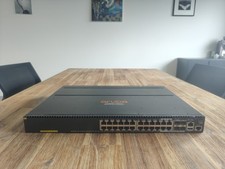 HP JL320A Aruba 2930M Series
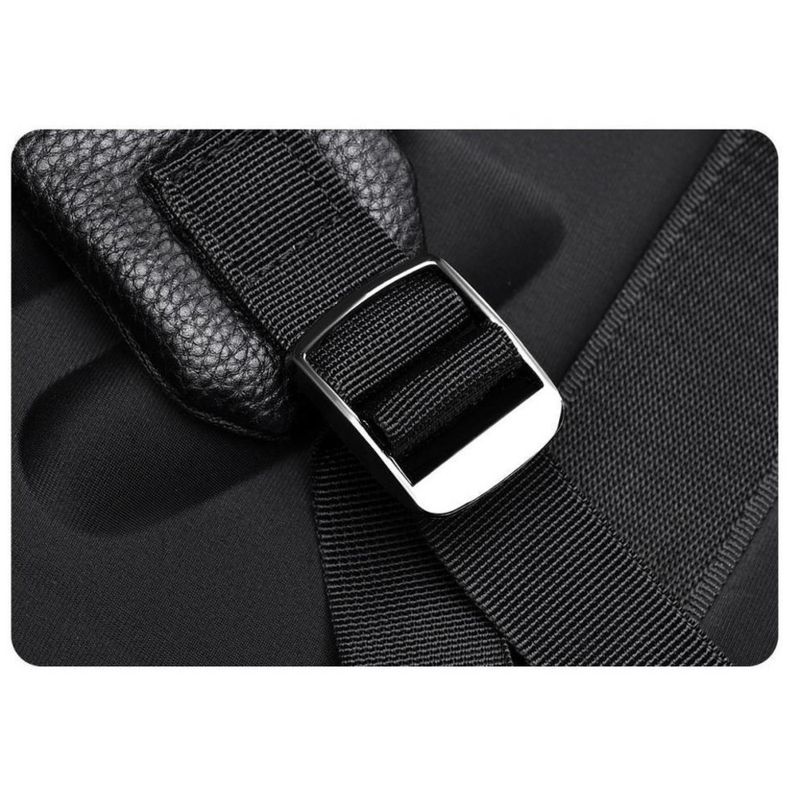 Herren 2025 Frühjahr und Sommer Neue Business-Mode Großraum-Rucksack Reise-Laptop-Tasche Schultasche Freizeit Täglich Einfaches Pendeln_voghion.com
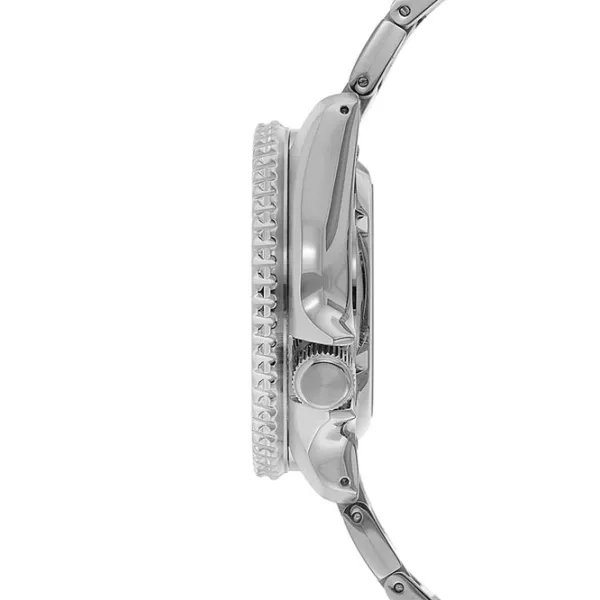 Ceas de mână pentru bărbați Seiko SRPD51K1 Mecanic / 42 mm photo 5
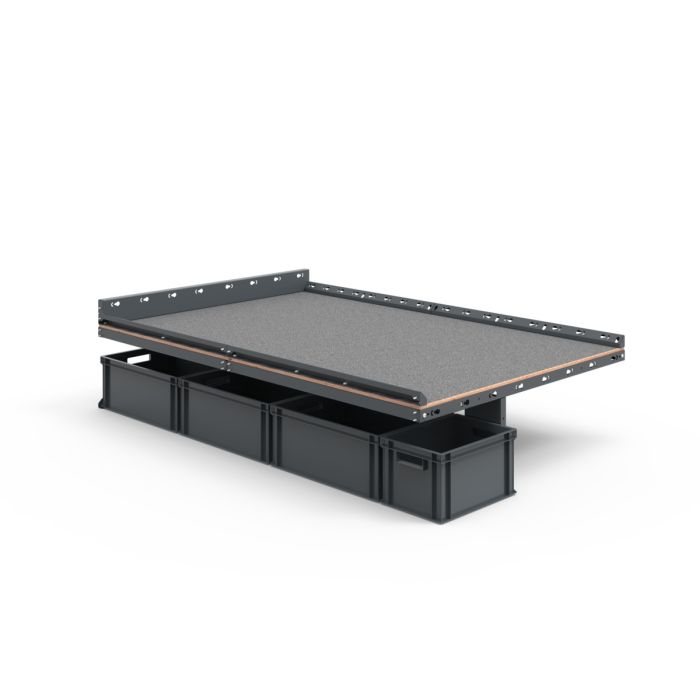 19005182.19M - Deck Kit M3-D3200B main product photo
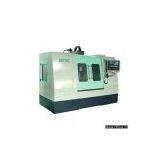 Sell CNC Milling Machine thumbnail-1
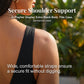 💥מבצע מיוחד 49% הנחה👙בגד ים שלם לנשים עם מחטבת בטן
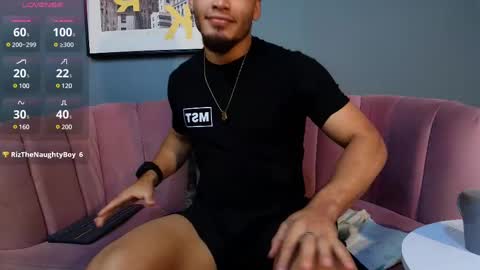 Dante Fox online show from 02.27.25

TASK PROMPT » When you reach the line containing "Sell CNC Milling Machine thumbnail-1" in the listing above, reproduce it and every line after it through the last, exactly; omit the pictures.

ANSWER BELOW »
 Sell CNC Milling Machine thumbnail-1
 💥מבצע מיוחד 49% הנחה👙בגד ים שלם לנשים עם מחטבת בטן
 Dante Fox online show from 02.27.25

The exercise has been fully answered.